Business-Centric Methods Focus on Profits

Business-centric brand valuation methods try to quantify advertising’s impact on financial metrics such as sales, profits, market share or intangible financial value. They attempt to answer the question: “What is the ROI of brand advertising?” As such, they speak the language of the CEO and CFO and are often done to support annual budget planning.

Business-centric methods are also the basis of marketing mix models that use a financial metric such as sales, profits or market share as their dependent variable. Because of their complexity and data requirements, these models are also usually annual or semi-annual efforts and not used for individual campaigns.

Business-Centric Direct

Business-centric direct methods attempt to measure the impact of brand ads on a key business metric such as sales.
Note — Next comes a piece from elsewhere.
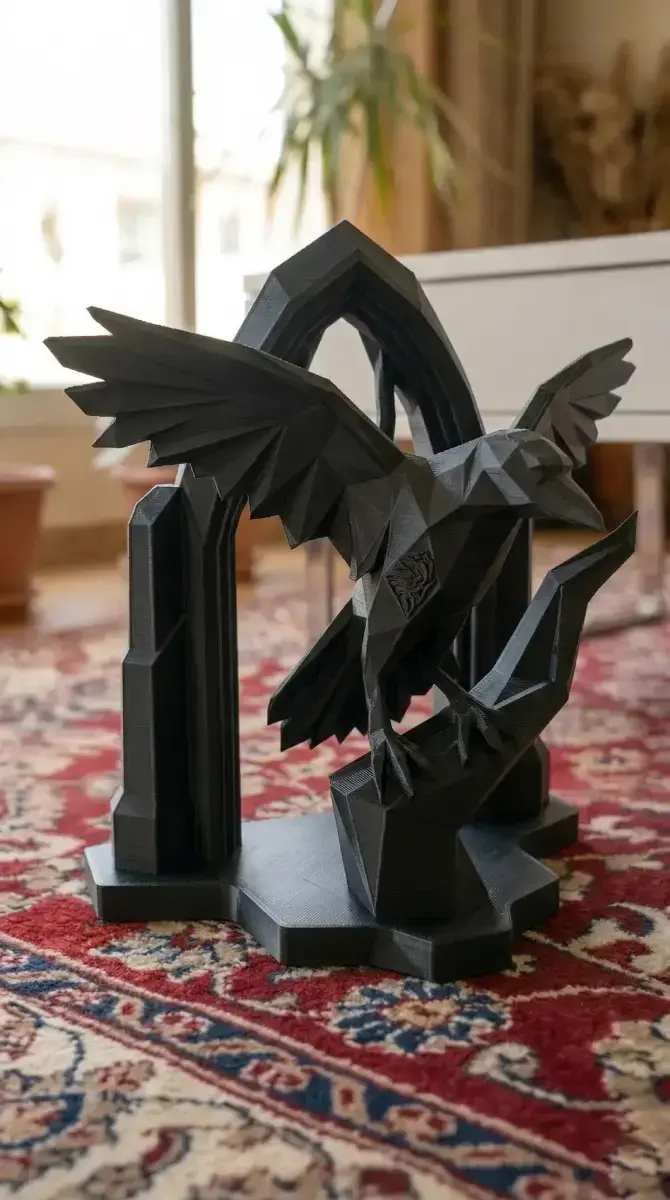Crow of Knowledge Sculpture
They use historical data and complex econometric or other regression-based models to separate brand ads from other factors that influence the outcome.

Examples include:

  • Financial valuation – discounted present value of future cash flows associated with the brand
  • Sales lift models – econometric or regression models that isolate the impact of ads
  • Baseline drivers – isolate brand’s contribution to organic sales
  • Customer value metrics – e.g., adjusted CLTV or RFM

Business-Centric Indirect

Indirect methods focus on an outcome that is known – or hypothesized – to be highly correlated with the desired financial outcome. For example, the ability to charge a higher price or to avoid lowering prices in a downturn is considered characteristic of a stronger brand.

Examples include:

  • Market share – brand vs. others’ share of wallet or profits or target market penetration
  • Price premium – degree to which brand can charge more for same product or service
  • Price elasticity – how pricing reacts to external factors

Consumer-Centric Methods Focus on Perceptions

Consumer-centric methods focus on the brands’ prospects and customers, rather than the business impact. They attempt to gauge that the impact of brand ads is on consumers’ perceptions, attitudes and intentions.

Consumer-Centric Direct

Direct methods use panels, trackers and surveys to ask consumers relevant questions about the brand and competitors. (This is a very large vendor category, and there are hundreds of credible partners.)

Examples include:

  • Ongoing panels – preexisting panels that track KPIs like awareness and perception for hundreds of brands
  • Custom panels – panels that accommodate custom questions
  • Brand trackers – traditional surveys often fielded annually or monthly
  • Custom surveys – bespoke to the brand
  • Brand impact surveys – usually conducted during or after campaigns
  • Social analytics – structured analyses of public social conversations and action

Consumer-Centric Indirect

Indirect methods of measuring consumer impact include observing behaviors known – or assumed – to correlate with long-term business impact; analyzing conversations, comments and searches related to the brand; and using voice-of-customer tools to assess impact.

Examples include:

  • Behavioral metrics – things people do on the brands’ own properties such as websites or apps around the time of a campaign (i.e., engagement)
  • Sentiment analysis – language around a campaign
  • Brand/product search – also mentioned in this mind-blowing “brand hacks” post

Combining Business-Centric and Consumer-Centric Methods

As you’ve guessed, the best approach to measuring the impact of brand advertising is to combine both methods. Most marketers already do this: running annual marketing mix models (and more frequent mini-models), alongside consumer surveys or brand trackers.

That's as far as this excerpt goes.